He had not arrived tonight, he related, but twenty-four hours earlier. He had spent the time with Yung Tang, talking over the whole matter with him, and making certain arrangements. For instance, bribing a Chinese doctor who would certify that Foh Wong had died—of heart failure.
“You,” the merchant whispered, “you mean to—”
“Kill you? Not at all. Did I not tell you there is a price for my silence? And would your life be the
price? No, no! Your life is sacred to me.”
“Then?”
“Listen!” Yang Shen-Li went on to explain that, with the help of the physician’s certificate, Na Liu would be buried as Foh Wong, while it would be given out that she had gone to China on a lengthy visit. “Clever—don’t you think?” he smiled.
“But what will happen to me? How, if I’m supposed to be dead and buried, can I show my face?”

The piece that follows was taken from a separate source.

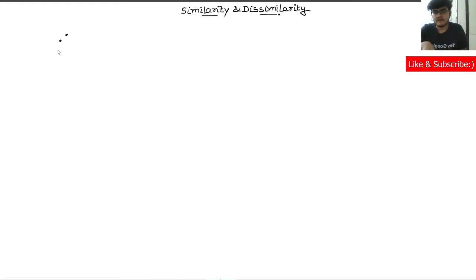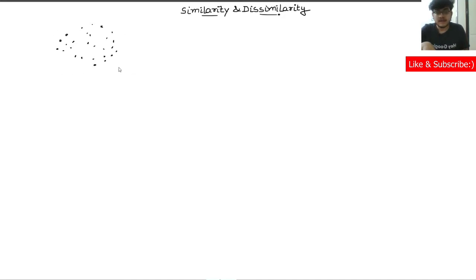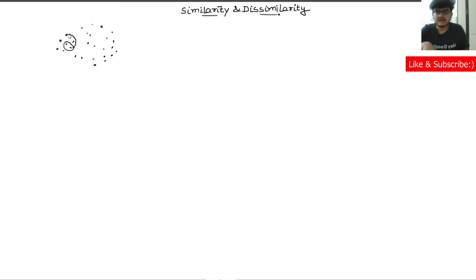Let's suppose I have a few data points — I'm drawing some random points here. These are the data points drawn from a dataset. This dataset is not a labeled dataset, and that's why it is unsupervised learning. What I try to do is find that these points are similar, so I will enclose them in one cluster, and then find more similar data points and keep expanding this cluster until I have obtained a cluster.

“You can’t,” said the Manchu grimly. “You will live in the garret of your house until death—may it not be for many years! You will see nobody— except me. You will speak to nobody—except to me. Nobody will know that you are among the living—nobody except me and Yung Tang. This shall be a bond between you and me. The moment
you break it, I shall go to the police and—”

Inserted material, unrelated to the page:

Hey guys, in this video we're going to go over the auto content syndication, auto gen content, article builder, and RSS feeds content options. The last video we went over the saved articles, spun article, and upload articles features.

“But my business—my money—”
“I shall look after it. For before—shall I say?— your death, you shall have made a will—you are going to sign it presently—making me trustee of your estate for your absent wife. You will leave her your whole fortune—all, that is, save eighteen thousand dollars—make it thirty-eight thousand— which you will leave to Yung Tang. . . . Hayah!”— as the other began to plead and argue. “Be quiet, coolie! For today I command—and you will obey!”
AND thus it is Foh Wong is cooped up in the sweltering garret of his Pell Street house, with the door locked and the windows tightly shuttered, and an agony of fear forever stewing in his brain. It is thus that Yang Shen-Li is lording it gloriously over Foh Wong’s clerks, spending Foh Wong’s money recklessly; and in the evening, after a pleasant hour or two at the Azure Dragon Club, mounting to the second floor, bowing courteously to his wrinkled old wife and asking her:
“Moonbeam, was there ever love as staunch as ours?”
Always she gives a quaint, giggling, girlish little laugh. And at times, hearing the echo of it, Foh Wong wonders—then forgets his wonder in his fear.

Pell Street Blues Chapter 6

INDEED the latter—whose American odyssey was destined to be quite as hard as that of Foh Wong, decades earlier—needed every cent of the fifteen hundred dollars. To enumerate all those whom he had to bribe would be to give an ethnographical survey of many of the Far East’s more gaudy rogues.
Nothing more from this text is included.